SEC charges ratings agency S&P over ratings

January 27 04:31 2015

Securities and Exchange Chairman Mary Jo White banned the world’s largest credit rater, Standard & Poor’s, from a large part of the mortgage market for one year. In her toughest action since the mortgage crisis that nearly collapsed the banks, ratings agency Standard & Poor’s has agreed to a year-long ban from rating a segment of the commercial mortgage-backed securities market (CMBS) because of ratings it issued in 2011 that regulators say were misleading.

The suspension is part of a settlement with the SEC as well as the attorney generals of New York and Massachusetts, and is tied to $1.5 billion worth of CMBS that S&P graded in early 2011. S&P pulled the ratings a few months later, saying it had to review a potential problem in its models — causing market disruptions. This prompted an investigation by the SEC and the two attorney generals, which discovered that S&P had departed from its published criteria and went with assumptions that were less conservative than advertised.

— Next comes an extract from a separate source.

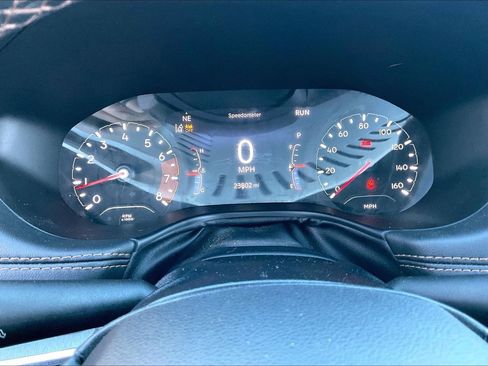 Used 2022 Jeep Compass Limited image 18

“In the wake of the housing crisis and the collapse of the global economy, credit agencies like S&P promised not to contribute to another bubble by inflating the ratings on products they were paid to evaluate,” said New York Attorney General Eric Schneiderman said in a press release about the settlement. “Unfortunately, S&P broke that promise in 2011, lying to investors about their profits and market share.” Specifically, the SEC banned S&P from rating new U.S. conduit-fusion CMBS transaction until January 21, 2016. These are securities backed by pools of loans secured by commercial real estate, such as mortgages for shopping malls or skyscrapers. They include a financial intermediary, often a bank, that acts as a link between the lender and the investor.

S&P, a unit of publishing house McGraw Hill, will also pay close to $77 million in fines, including $12 million to New York and $7 million to Massachusetts. In total, the SEC issued three proceedings against S&P related to the 2011 bonds as well as the rating agency’s effort to get back into the market in 2012, after it had pulled the faulty ratings. S&P “made certain admissions” regarding the first order tied to the misrepresentation of the 2011 bonds, the SEC said. White’s mission, when she took the office in 2013, was to not allow companies to settle without admitting wrongdoing — a practice that had come under scrutiny in the courts.